Problem statement: Return exactly, please, the line that contains "Anthrax - Other" and every line after it through the end of the material that follows, leaving pictures aside.

[[ Data open ]]

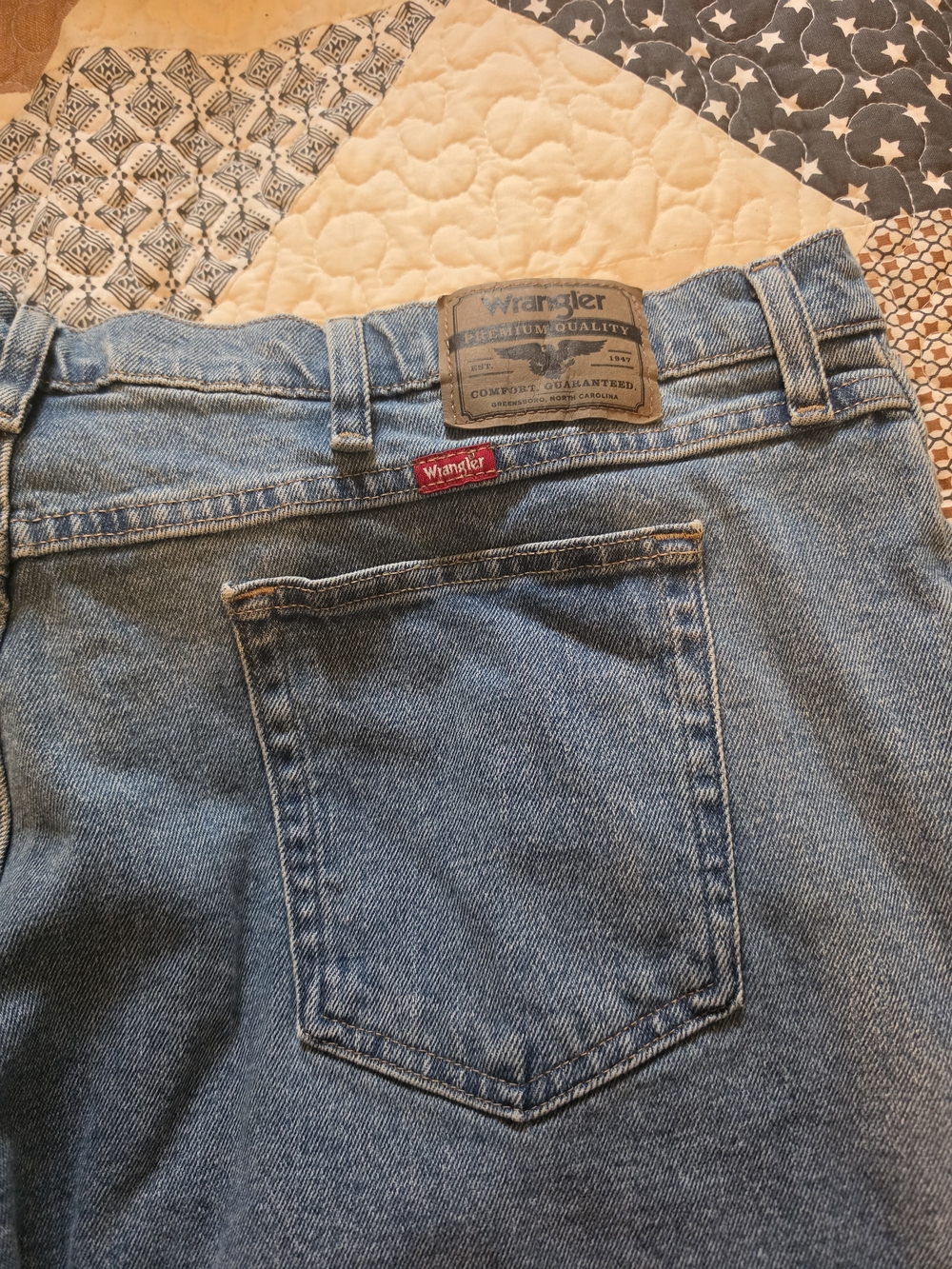Wrangler Jeans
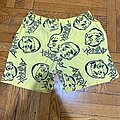 Anthrax - Other Collectable - Anthrax Yellow NOT man Shorts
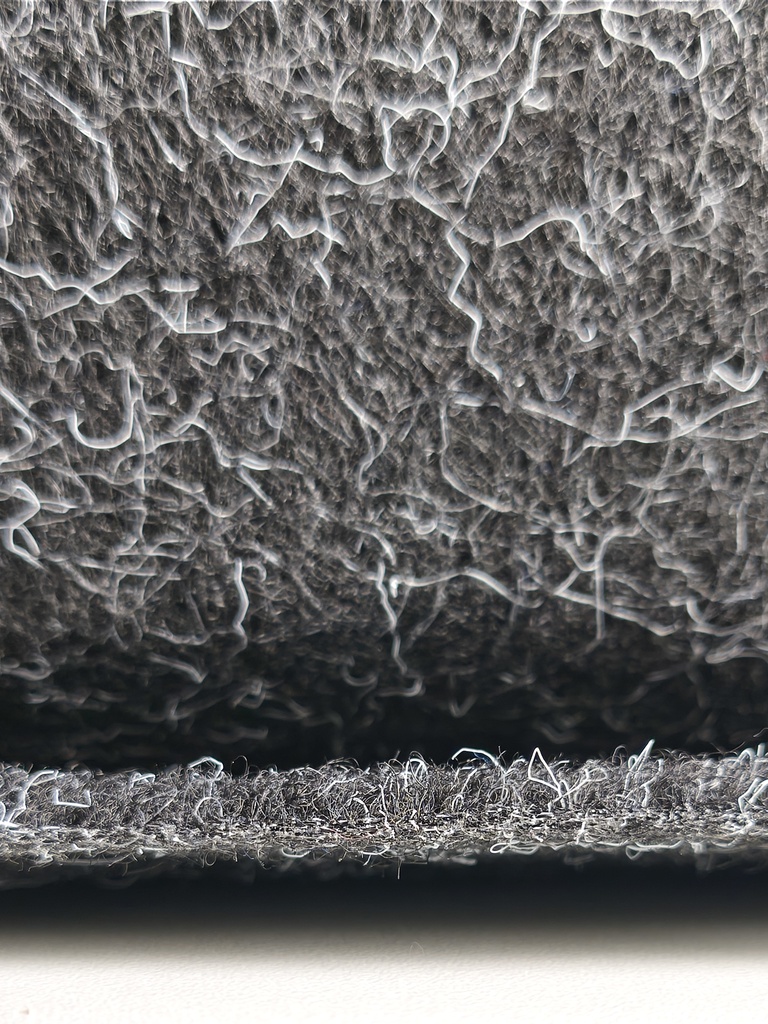 Ковролин Bonkeel Шторм цвет Grey 1000×2000×3,2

[[ Data closed ]]

Solved problem:
 Anthrax - Other Collectable - Anthrax Yellow NOT man Shorts
 Ковролин Bonkeel Шторм цвет Grey 1000×2000×3,2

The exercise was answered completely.